西アジア―サウジアラビア―フセイン(フサイン)―フセイン・マクマホン協定
フセイン・マクマホン協定とは
フセイン・マクマホン協定の定義・意味など
フセイン・マクマホン協定とは、1915年のイギリス高等弁務官マクマホンとメッカ太守のフセインの間の往復書簡をいう。
『世界史用語集』 山川出版社、2014年、302頁。
フセイン・マクマホン協定の内容
フセインは第一次世界大戦後のパレスチナを含む地域でのアラブ人国家建設(オスマン帝国からの独立)を条件に、イギリス・オスマン帝国間の戦争への協力を約束した。
『世界史用語集』 山川出版社、2014年、302頁。

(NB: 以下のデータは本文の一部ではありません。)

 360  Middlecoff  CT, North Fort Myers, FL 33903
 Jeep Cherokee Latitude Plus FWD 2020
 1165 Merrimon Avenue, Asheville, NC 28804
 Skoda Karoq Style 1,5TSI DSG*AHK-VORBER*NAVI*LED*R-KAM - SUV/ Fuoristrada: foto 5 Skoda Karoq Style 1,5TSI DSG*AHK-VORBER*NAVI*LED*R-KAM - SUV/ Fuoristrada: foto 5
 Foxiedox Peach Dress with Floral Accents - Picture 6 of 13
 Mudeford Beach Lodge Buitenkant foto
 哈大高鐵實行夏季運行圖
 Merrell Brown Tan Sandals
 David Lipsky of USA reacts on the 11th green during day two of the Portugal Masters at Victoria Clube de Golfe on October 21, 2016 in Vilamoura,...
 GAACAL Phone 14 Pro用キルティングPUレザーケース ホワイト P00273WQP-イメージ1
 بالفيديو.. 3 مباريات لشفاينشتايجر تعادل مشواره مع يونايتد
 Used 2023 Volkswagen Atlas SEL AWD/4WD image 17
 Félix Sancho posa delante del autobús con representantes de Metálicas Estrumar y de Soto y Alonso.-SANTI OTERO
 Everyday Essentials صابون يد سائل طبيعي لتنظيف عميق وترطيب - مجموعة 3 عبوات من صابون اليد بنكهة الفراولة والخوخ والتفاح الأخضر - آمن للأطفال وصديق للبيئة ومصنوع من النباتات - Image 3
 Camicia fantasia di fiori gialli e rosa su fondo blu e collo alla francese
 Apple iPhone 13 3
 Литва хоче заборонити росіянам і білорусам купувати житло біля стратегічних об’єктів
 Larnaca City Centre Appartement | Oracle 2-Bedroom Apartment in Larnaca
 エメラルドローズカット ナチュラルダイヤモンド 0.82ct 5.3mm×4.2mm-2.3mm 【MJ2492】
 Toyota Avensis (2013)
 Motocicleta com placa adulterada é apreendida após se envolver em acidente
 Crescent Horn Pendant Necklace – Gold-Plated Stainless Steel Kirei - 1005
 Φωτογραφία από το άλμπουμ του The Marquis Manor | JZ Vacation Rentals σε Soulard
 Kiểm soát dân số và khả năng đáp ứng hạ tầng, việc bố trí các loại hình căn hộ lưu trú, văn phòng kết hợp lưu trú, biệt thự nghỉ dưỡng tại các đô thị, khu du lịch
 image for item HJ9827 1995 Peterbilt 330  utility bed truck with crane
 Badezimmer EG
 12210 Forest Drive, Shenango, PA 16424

『詳説 世界史』 山川出版、2019年、334頁。
フセイン・マクマホン協定の背景
アラブ側
第一次世界大戦で同盟国側に立って参戦したオスマン帝国の内部ではアラブ民族の独立運動が起こっていた。
『チャート式シリーズ 新世界史』 数研出版、2014年、399頁。
イギリス側
第一次世界大戦では、同盟国側・連合国側とも結束を固め、中立国を味方に引き入れるために、戦後の敵領土・植民地の分配を決めた秘密条約を結んだ(→サイクス・ピコ協定など)。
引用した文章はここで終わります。